Objective function "limit reached" status in JuMP


Can JuMP report that an objective function has reached some predefined limit?
My problem looks the following. I am looking for a Min or Max value of a variable x[1] within the bounds (lets say [1e-9,1e9]) w.r.t some non-linear constraint f(x)<=alpha:

m=Model(optimizer_with_attributes(Ipopt.Optimizer, "max_cpu_time" => 60.0))
@variable(m, x[j=1:n], start=init_x[j])
JuMP.register(m, :f, n, f, autodiff=true)
@objective(m, Min, x[1])
@NLconstraint(m, f(x...) <= alpha)

To set the bounds I either need to define variables limits:

@variable(m, 1e-9<=x[j=1:n]<=1e9, start=init_x[j])

Or to add constraints:

@constraint(m, con1, 1e-9 <= x[1] <= 1e9)
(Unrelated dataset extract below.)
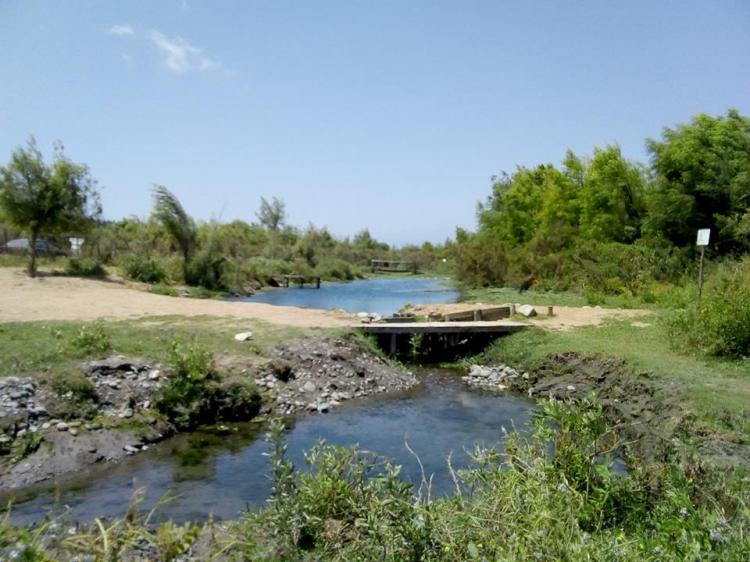 Fotografía 13 de Camping Rio Encantado en Quillota, Valparaiso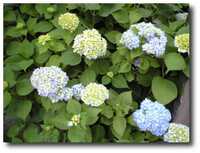  20100605-10_06_05a.jpg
However reaching the bound (1e-9 or 1e9) may result in the following JuMP.termination_status (I am testing Ipopt and KNITRO) : LOCALLY_SOLVED, ALMOST_OPTIMAL, LOCALLY_INFEASIBLE. So it is hard to say whether an optimizer has reached the bound or a “real” minimum (maximum) was found near the bound.
Is there a way to rewrite this problem that JuMP can distinguish between those two cases? Previously I used NLopt which has some STOPVAL_REACHED option which terminates the optimization when the solver reaches some predefined value.
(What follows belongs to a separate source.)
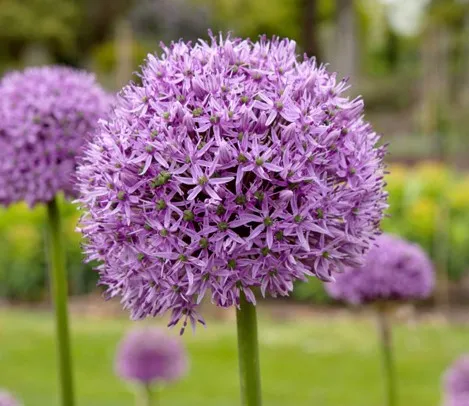 Allium 'Gladiator' (Bio, 1 Lt.)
If Ipopt reaches the time limit, you should get termination_status(m) == MOI.TIME_LIMIT.

We can’t treat your bounds as special, because we don’t know that you intend them to be special. You would need to check the variable values of the solution and determine if they are “too close” for you.

Thanks for your response! I see that Ipopt tries to converge to bound values and report them as local optima. Indeed in this case I would prefer the solver to report that no optima has been found within the bounds. Like NLopts stopval behavior ( from NLopt docs “Another termination test that NLopt supports is that you can tell the optimization to stop when the objective function value f(x) reaches some specified value, stopval , for any feasible point x”). Is it doable with other NL optimizers in JuMP or perhaps with some reformulation of the original problem?
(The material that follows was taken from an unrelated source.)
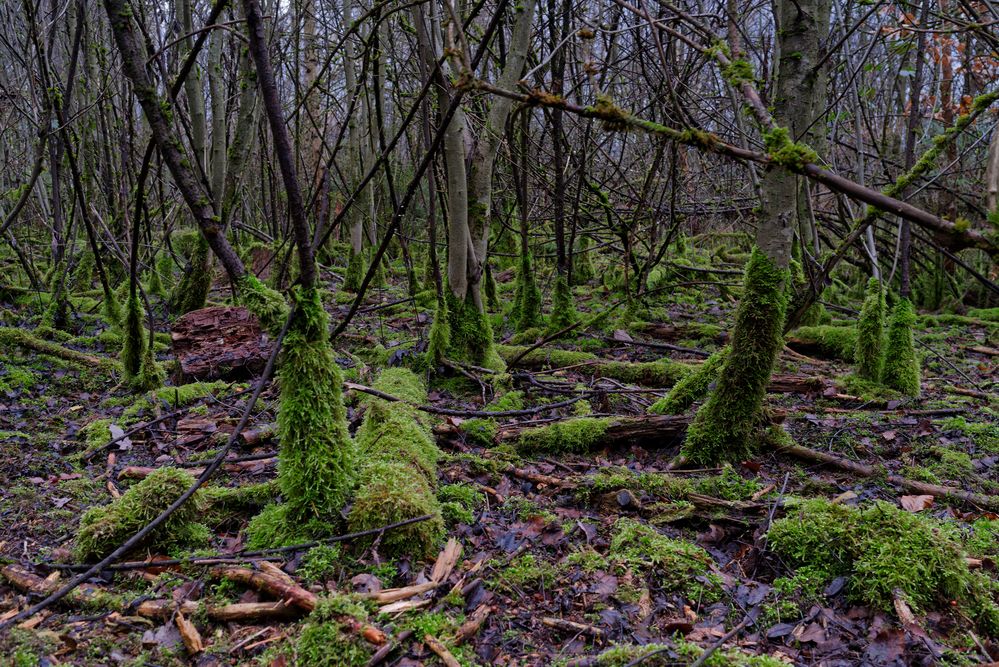 Waldmotive, hier: in den Mooswelten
I don’t think Ipopt has an option to terminate based on the objective value. Here are the list of options: Ipopt: Ipopt Options

Presumably you could add a constraint @constraint(m, x[1] >= stopval) instead.

Indeed in this case I would prefer the solver to report that no optima has been found within the bounds.

We can’t do this for the reasons mentioned above; a locally optimal solution might exist at the bound.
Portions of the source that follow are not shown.